Items listed in a dataset:
● ● ● ● ●

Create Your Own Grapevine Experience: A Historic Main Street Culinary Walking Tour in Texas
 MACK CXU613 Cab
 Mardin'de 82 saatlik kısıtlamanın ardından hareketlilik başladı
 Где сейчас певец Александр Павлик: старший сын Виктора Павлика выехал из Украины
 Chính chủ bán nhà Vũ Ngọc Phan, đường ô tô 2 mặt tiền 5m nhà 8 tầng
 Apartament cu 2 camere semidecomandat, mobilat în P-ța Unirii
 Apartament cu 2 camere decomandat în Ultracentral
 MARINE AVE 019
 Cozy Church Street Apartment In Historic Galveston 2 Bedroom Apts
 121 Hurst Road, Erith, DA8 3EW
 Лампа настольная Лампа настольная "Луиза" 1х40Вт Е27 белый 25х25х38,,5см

● ● ● ● ●

To do → Return the records above verbatim, in their entirety.

Task response →
Create Your Own Grapevine Experience: A Historic Main Street Culinary Walking Tour in Texas
 MACK CXU613 Cab
 Mardin'de 82 saatlik kısıtlamanın ardından hareketlilik başladı
 Где сейчас певец Александр Павлик: старший сын Виктора Павлика выехал из Украины
 Chính chủ bán nhà Vũ Ngọc Phan, đường ô tô 2 mặt tiền 5m nhà 8 tầng
 Apartament cu 2 camere semidecomandat, mobilat în P-ța Unirii
 Apartament cu 2 camere decomandat în Ultracentral
 MARINE AVE 019
 Cozy Church Street Apartment In Historic Galveston 2 Bedroom Apts
 121 Hurst Road, Erith, DA8 3EW
 Лампа настольная Лампа настольная "Луиза" 1х40Вт Е27 белый 25х25х38,,5см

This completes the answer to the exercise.